Trocando diálogos por estrofes (o filme é todo cantado, salvo algumas palavras) o musical de Os Miseráveis busca apresentar nos seus 158 minutos a essência do testemunho social de Vitor Hugo. A versão soa estranha àqueles acostumados com musicais mais leves ou para quem simplesmente odeia o gênero. Hooper consegue criar, porém, uma versão “realista” dentro de um universo teatral.

Ao colocar seus atores para cantar ao vivo (no lugar de gravar as canções antes em estúdio, prática usual em filmes musicais) o filme transforma simples encenação em atuação. Logo, no lugar das afinadíssimas, e por vezes artificiais, performances da Broadway, temos uma espécie de monólogo dos personagens que não existiria em uma adaptação convencional da obra. O desabafo de Fantine (Anne Hathaway) em “I Dreamed a Dream”, é um bom exemplo. Depois de perder o emprego na fábrica e se prostituir para sustentar a filha Cosette, a personagem canta sobre a morte dos seus sonhos – “A vida matou o sonho que sonhei”. A escolha pelas canções ao vivo, porém, não torna o filme imediatamente em um produto para todos públicos. As quase três horas cantadas são, sim, cansativas, e ora desafinadas. Há espaços onde os ouvidos pedem uma fala simples, ao invés de uma forçada melodia.

O “realismo teatral” de Hooper é também estético. O diretor conta mais uma vez com Danny Cohen (diretor de fotografia de O Discurso do Rei) para recriar um gênero clássico de forma autoral – enquadramentos obtusos, close-ups com lentes grande-ocular (distorcendo a perspectiva do quadro) e a descentralização dos objetos, por exemplo. Essa visão ora serve bem aos personagens, como a bela sequência em que Jean Valjean decide honrar a oportunidade dada pelo Bispo Myriel, que o perdoa pelo roubo da prataria da igreja e o presenteia com castiçais - também de prata. A câmera consegue acompanhar as dúvidas de Valjean, na competente e emocional atuação de Jackman, enquanto o personagem pesa suas ações e se prepara para começar uma nova história.

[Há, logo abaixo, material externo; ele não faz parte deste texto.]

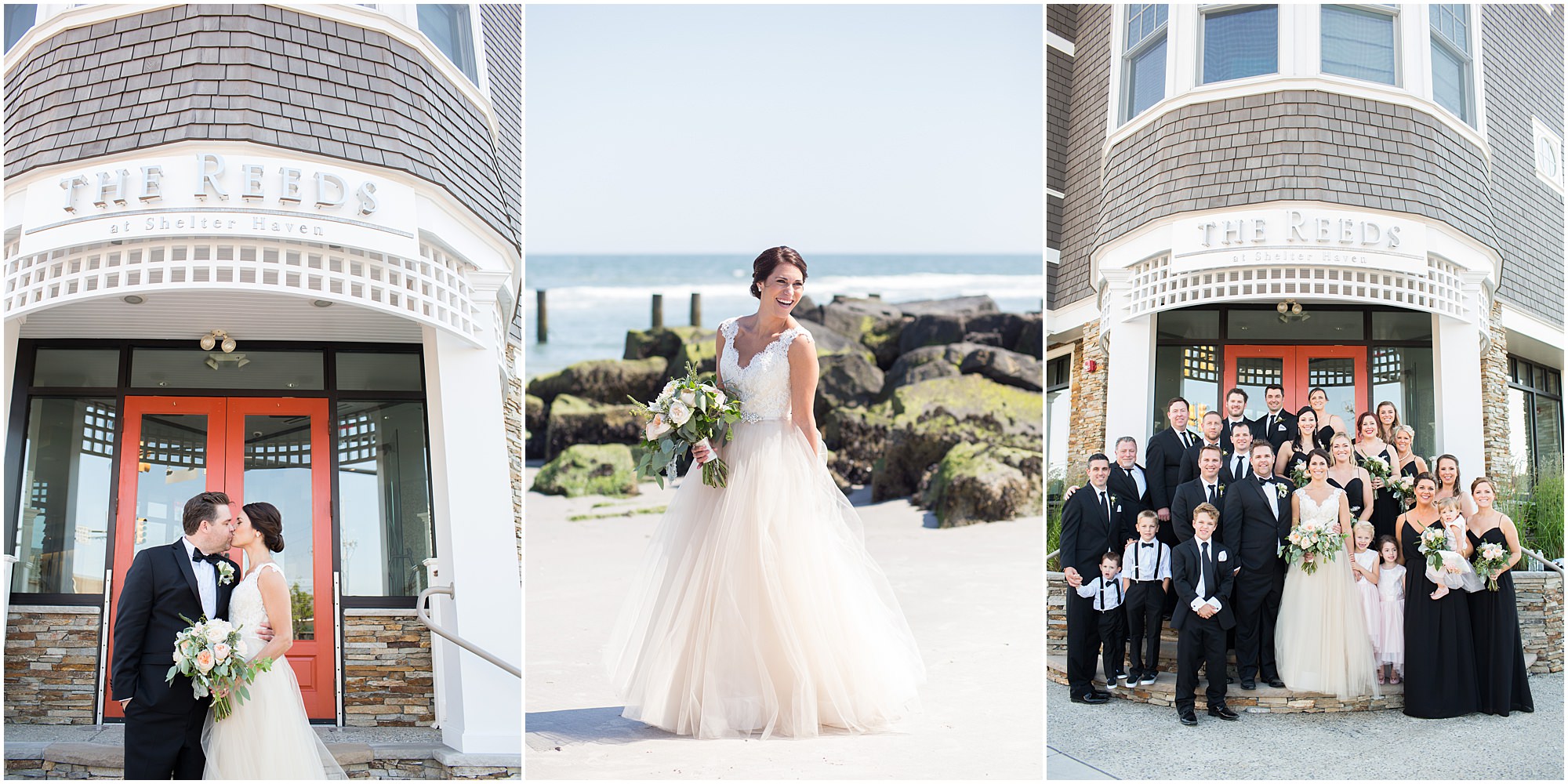 The photo opportunities at the Reeds at Shelter Haven makes it one of the best Jersey Shore wedding venues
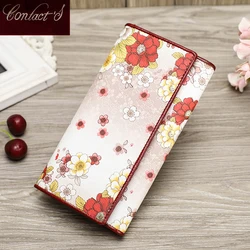 Genuine Leather Women Long Wallet 2022 Brand Female Purse Clutch Card Holder Fashion Ladies Wallets Hasp Coin Pocket Money Bag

Já em outros momentos, essa estética se torna mero capricho. Quando o inspetor Javert (Russell Crowe) clama às estrelas por ajuda para capturar o criminoso Jean Valjean, a paisagem criada digitalmente fica claramente artificial em meio às ginásticas fotográficas de Hooper e Cohen para mostrar a vertigem metafórica e física do seu personagem, que canta – no topo de um edifício – sobre céu e inferno.  Com cenários grandiosos e um trabalho cuidadoso de direção de arte, há também um compromisso pontual com uma paleta representativa de cores, que coloca a ainda doce Fantine de vestido rosa entre às trabalhadoras uniformizadas de azul, ou Enjolras (Aaron Tveit), o forte líder revolucionário, a trajar a jaqueta vermelha da honra e da convicção.

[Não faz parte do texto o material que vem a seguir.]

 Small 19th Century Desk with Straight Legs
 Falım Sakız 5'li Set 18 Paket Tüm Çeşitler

Jean Valjean, Javert, Fantine, Cosette (interpretada por Isabelle Allen e Amanda Seyfried), Marius (o nobre revolucionário que se apaixona por Cosette vivido por Eddie Redmayne), Enjolras, Thénardier e sua esposa (o casal trambiqueiro interpretado por Sacha Baron Cohen e Helena Bonham Carter), Éponine (a filha dos Thénardier vivida por Samantha Barks), e Gavroche (o sábio menino de rua interpretado por Daniel Huttlestone) cantam as próprias misérias e conduzem o espectador através das melodias.  Há peso e tristeza, como em “Look Down” ou “I Dreamed a Dream”, mas há também humor, como em “Dog Eats Dog”, uma das melhores sequências graças às atuações de Sacha Baron Cohen e Helena Bonham Carter. Há também o sentimento de revolução de “Do You Hear the People Sing?”, canção que reúne os personagens em torno do desejo de mudança: a superação da miséria.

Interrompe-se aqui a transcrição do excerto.